Quinze combattants d’Al-Qaïda et neuf rebelles chiites houthistes ont également péri dans ces violences survenues dans la province d’Abyane. C’est en faisant route pour une opération contre le groupe djihadiste, à l’est de la ville côtière de Chakra, que des membres d’Al-Qaïda ont tendu une embuscade à une unité de l’armée, ont rapporté des responsables provinciaux. Un accrochage s’en est suivi, dans lequel onze soldats et quinze combattants d’Al-Qaïda ont été tués. Selon des sources de sécurité, les djihadistes se sont emparés de deux véhicules militaires et d’armes durant les affrontements. Depuis mars 2015, les forces gouvernementales au Yémen, soutenues par une coalition de pays arabes sous commandement saoudien, tentent en vain de reprendre le terrain perdu au profit des rebelles chiites houthistes qui contrôlent une partie du territoire, dont la capitale Sanaa (nord).
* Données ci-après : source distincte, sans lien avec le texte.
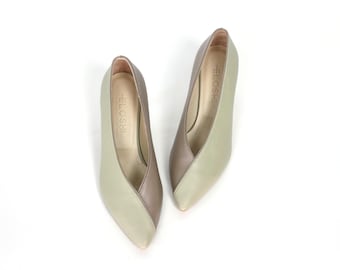 Heels Leather shoes,  , Italian leather, bridal shoes, mid heel,  shoes  for women, Kitten Heel, Classic shoes, gift for her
Profitant du chaos, Al-Qaïda et l’organisation Etat islamique (EI) ont renforcé leur présence dans le sud et le sud-est du Yémen, où ils commettent des attentats sanglants, notamment contre les combattants progouvernementaux qui peinent à sécuriser les zones sous leur contrôle et à recruter de jeunes soldats.
Deux exemples donc frappant, alors que l’organisation Ben Laden n’a pas dit son dernier mot et même, devant les revers de Daech, hausse le ton!
Les Etats-Unis ont placé, jeudi 5 janvier, Hamza Ben Laden, le fils du fondateur d’Al-Qaïda, sur la liste noire des «terroristes internationaux». La décision sanctionne sa mise en avant désormais régulière par la propagande du réseau djihadiste et la teneur de ses propos. Hamza Ben Laden a ainsi menacé les Etats-Unis et exhorté «les tribus basées en Arabie Saoudite à s’unir avec Al-Qaïda au Yémen, pour mener la guerre contre le royaume saoudien», dans un message diffusé en août 2016.
Le chef du réseau Al-Qaïda, Ayman al-Zawahiri, a accusé son rival à la tête du groupe Etat islamique, Abou Bakr al-Baghdadi, de mentir sur la réalité de la lutte djihadiste que mène le réseau fondé par le défunt Oussama Ben Laden. Dans un message audio, cité et traduit en anglais par le centre américain de surveillance des sites djihadistes (SITE), l’Egyptien Ayman al-Zawahiri renouvelle également ses appels à attaquer «en priorité» les Etats-Unis et leurs alliés. Le chef d’Al-Qaïda conteste aussi des allégations qu’auraient portées Abou Bakr al-Baghdadi, le chef du groupe ultraradical sunnite EI, accusant Al-Qaïda de ne pas combattre les musulmans chiites. Les deux organisations considérées comme «terroristes», l’EI et Al-Qaïda, sont des groupes rivaux, aux tactiques et aux stratégies djihadistes différentes, notamment dans les attaques menées en Syrie, en Irak ou au Yémen.
Longtemps numéro deux, Ayman al-Zawahiri a été propulsé à la tête d’Al-Qaïda en 2011. Mais son règne a été marqué par un net déclin de l’organisation, tandis que le groupe EI a suivi une trajectoire inverse, conquérant de vastes territoires en Irak et en Syrie et multipliant les attentats dans le monde.
Le rapport des forces est peut-être en train, une nouvelle fois, de s’inverser.